Face à une anomalie WordPress, appliquer une procédure réversible demande d’abord de définir ce qui doit rester disponible et ce qui peut être isolé. La progression choisie pour appliquer une procédure réversible part des risques, passe par les preuves, puis aboutit aux corrections et à leur validation. Cette approche de appliquer une procédure réversible évite de confondre un écran redevenu normal avec un environnement réellement maîtrisé. Les limites du contrôle portant sur appliquer une procédure réversible et les actions restantes apparaissent dans le dossier de reprise.
Contrôler avant d’agir : valider chaque zone avant la suivante
La question de assainir les composants et les données se traite à partir du résultat attendu : traiter séparément le cœur, les extensions, les thèmes et la base. Pour cette zone consacrée à assainir les composants et les données, on commence par retirer le code injecté et réviser les contenus modifiés, on observe l’effet, puis on décide s’il faut remplacer les fichiers système.
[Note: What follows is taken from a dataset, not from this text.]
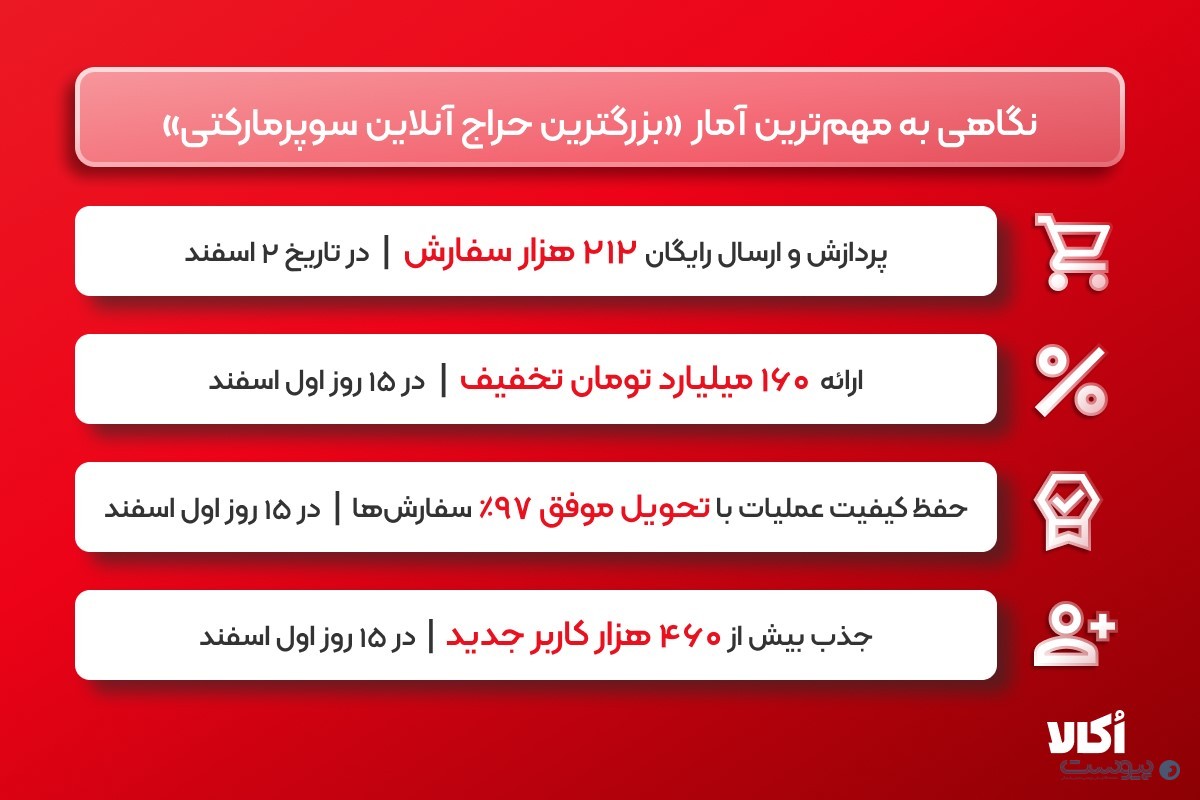 اُکالا رشد فروش ۷۵ درصدی را نسبت به سال ۱۴۰۲ تجربه کرد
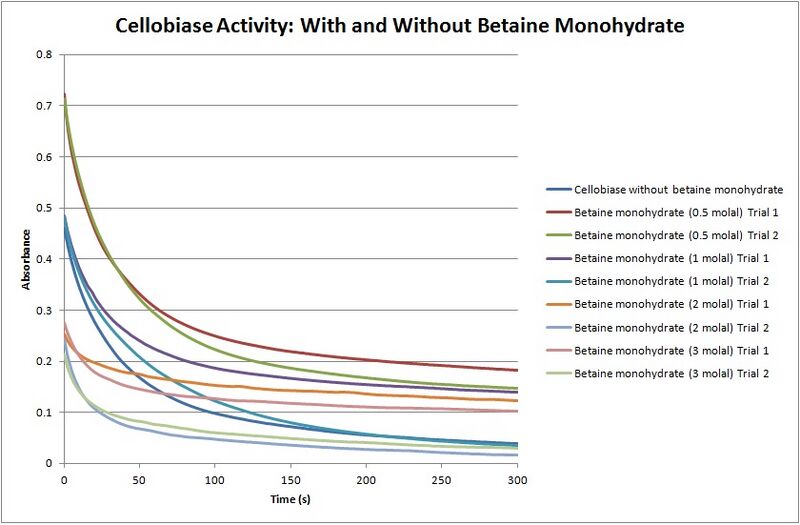 File:Graph Urea + Betaine Monohydrate.jpg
Le contrôle de assainir les composants et les données peut s’appuyer sur [[ANCRE]] avant de poursuivre l’objectif : traiter séparément le cœur, les extensions, les thèmes et la base. Dans l’objectif de traiter séparément le cœur, les extensions, les thèmes et la base, cette séquence rend les dépendances visibles et permet d’interrompre l’action si une fonction légitime se dégrade. Le scénario de assainir les composants et les données resterait incomplet si l’on choisissait de réactiver tout le site d’un seul bloc ou de mélanger nettoyage et ajout de fonctions. Le passage après traiter séparément le cœur, les extensions, les thèmes et la base dépend de deux preuves : pouvoir garder la liste des changements et confirmer que l’on peut valider chaque zone avant la suivante.
Préparer l’intervention et préserver les preuves
Pour obtenir un résultat compatible avec figer les informations utiles avant de modifier l’environnement, la zone « préparer l’intervention et préserver les preuves » est abordée comme un ensemble de contrôles liés. Dans cette zone de préparer l’intervention et préserver les preuves, l’équipe peut exporter les données, copier les fichiers et noter les alertes, documenter ce changement, puis recenser les accès disponibles; consigner les changements réalisés complète l’action lorsque le périmètre le justifie. À propos de figer les informations utiles avant de modifier l’environnement, écraser les traces par des essais improvisés brouillerait l’analyse, tandis que travailler directement sans point de retour laisserait une faiblesse active. La validation de préparer l’intervention et préserver les preuves repose sur la capacité à vérifier que les copies sont lisibles, puis à horodater les observations sans inventer de certitude, sans nouveau comportement inattendu.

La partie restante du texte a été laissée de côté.